We need to equip nuts and bolts hospitality skills to everyone in our congregation – not so much because we want to treat each other well within the confines of Church World. The point is that we want to model hospitality outside the walls of the church. We just hone our skills on Sunday mornings with each other and those who visit as we worship together.
Some basic suggestions that show it’s about The Other (and not about us):
- Teach church members to introduce themselves to guests and then walk them to coffee hour after worship. Just announcing that there’s coffee after worship isn’t enough. Sometimes it’s hard to find where people are gathering- especially if it’s served down the hall or in the basement.
- Teach people how to get to know a guest for the sake of getting to know the guest. This is not about pouncing on visitors in the hunt for fresh meat. This is about being authentically interested in God’s children. Show members how to introduce themselves and then find out three things about this new person.
- Create a culture of inclusion and invitation. If a small group of people is going to brunch after worship, encourage them to seek out someone who seems to be new or alone or really hungry and invite that person to come along. Church is not a private club. We are a community of people grappling together with issues of faith and life and new people also like to grapple. Over food. Especially look out for a) middle aged women who are often invisible, b) people who don’t look like you, and c) parents who look like they could use a nice salad while someone helps with their toddler.
- Meet people in the parking lot with smiles (and umbrellas, if it’s raining) and walk them into the building. Make sure they have what they need: a coat hanger, the nursery, a bulletin or program. Connect them to someone else (“Judy, this is Steve”) before you leave them to return to the parking lot to greet someone else.
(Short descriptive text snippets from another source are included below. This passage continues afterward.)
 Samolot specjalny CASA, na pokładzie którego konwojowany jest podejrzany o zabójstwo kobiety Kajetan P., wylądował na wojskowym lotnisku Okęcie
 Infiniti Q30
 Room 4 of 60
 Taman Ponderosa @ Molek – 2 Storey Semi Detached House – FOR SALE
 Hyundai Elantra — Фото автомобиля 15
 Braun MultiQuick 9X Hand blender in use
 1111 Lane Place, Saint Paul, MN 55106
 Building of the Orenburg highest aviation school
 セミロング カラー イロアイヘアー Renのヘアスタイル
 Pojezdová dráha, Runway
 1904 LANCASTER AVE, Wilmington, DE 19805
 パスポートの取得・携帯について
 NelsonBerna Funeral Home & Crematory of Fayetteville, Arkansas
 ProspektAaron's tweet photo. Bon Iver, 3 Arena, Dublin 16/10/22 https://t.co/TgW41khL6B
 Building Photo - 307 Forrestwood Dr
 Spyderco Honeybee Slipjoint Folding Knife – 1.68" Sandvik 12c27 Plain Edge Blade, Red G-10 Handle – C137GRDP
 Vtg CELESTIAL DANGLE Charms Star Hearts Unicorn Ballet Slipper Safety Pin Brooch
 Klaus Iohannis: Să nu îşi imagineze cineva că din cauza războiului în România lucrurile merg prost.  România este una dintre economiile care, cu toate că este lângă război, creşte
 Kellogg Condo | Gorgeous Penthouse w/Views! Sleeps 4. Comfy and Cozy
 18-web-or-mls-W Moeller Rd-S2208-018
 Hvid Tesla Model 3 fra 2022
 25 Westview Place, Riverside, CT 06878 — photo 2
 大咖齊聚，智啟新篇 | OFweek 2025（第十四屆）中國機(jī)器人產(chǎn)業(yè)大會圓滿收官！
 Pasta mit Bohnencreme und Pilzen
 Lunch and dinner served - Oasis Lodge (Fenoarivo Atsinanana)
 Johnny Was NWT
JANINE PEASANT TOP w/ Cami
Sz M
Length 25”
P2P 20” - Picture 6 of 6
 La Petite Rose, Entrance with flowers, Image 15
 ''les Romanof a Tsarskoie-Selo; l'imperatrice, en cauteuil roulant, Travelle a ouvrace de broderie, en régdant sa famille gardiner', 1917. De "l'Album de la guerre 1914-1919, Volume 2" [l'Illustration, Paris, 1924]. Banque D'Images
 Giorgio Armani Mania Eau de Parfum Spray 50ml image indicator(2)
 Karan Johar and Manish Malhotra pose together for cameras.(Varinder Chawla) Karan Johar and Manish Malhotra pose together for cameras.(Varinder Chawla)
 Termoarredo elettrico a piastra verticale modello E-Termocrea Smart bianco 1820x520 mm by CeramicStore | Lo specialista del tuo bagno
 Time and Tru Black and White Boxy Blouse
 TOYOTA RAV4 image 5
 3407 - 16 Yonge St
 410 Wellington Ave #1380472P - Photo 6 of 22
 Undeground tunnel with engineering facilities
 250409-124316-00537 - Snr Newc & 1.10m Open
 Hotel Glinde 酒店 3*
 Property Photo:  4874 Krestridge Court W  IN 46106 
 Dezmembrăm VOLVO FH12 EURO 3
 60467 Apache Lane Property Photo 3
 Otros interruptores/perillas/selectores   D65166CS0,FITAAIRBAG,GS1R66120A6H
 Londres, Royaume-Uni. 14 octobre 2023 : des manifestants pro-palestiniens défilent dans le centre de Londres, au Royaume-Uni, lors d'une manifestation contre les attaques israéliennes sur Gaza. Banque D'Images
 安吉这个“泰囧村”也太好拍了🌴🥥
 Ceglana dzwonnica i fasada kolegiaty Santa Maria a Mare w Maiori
- Ask the young mothers of your congregation to come up with a list of helpful tips for those who wish to visit after the birth of a child. And then share this list with all those who sign up to take a meal to a family with a new baby. New moms will tell you the truth: please don’t bring casseroles in your best china, please don’t stay more than 10 minutes, please don’t make comments about the new mom’s housekeeping or personal appearance. In my former parish, we found that some well-intentioned visitors – especially those who had not had a baby lately – had no idea how to visit a new mom. The problem is that they thought they did.
What hospitality skills do you teach in your congregation? If our churches have a culture of learning – including learning genuine hospitality – we’ll become a really different kind of community.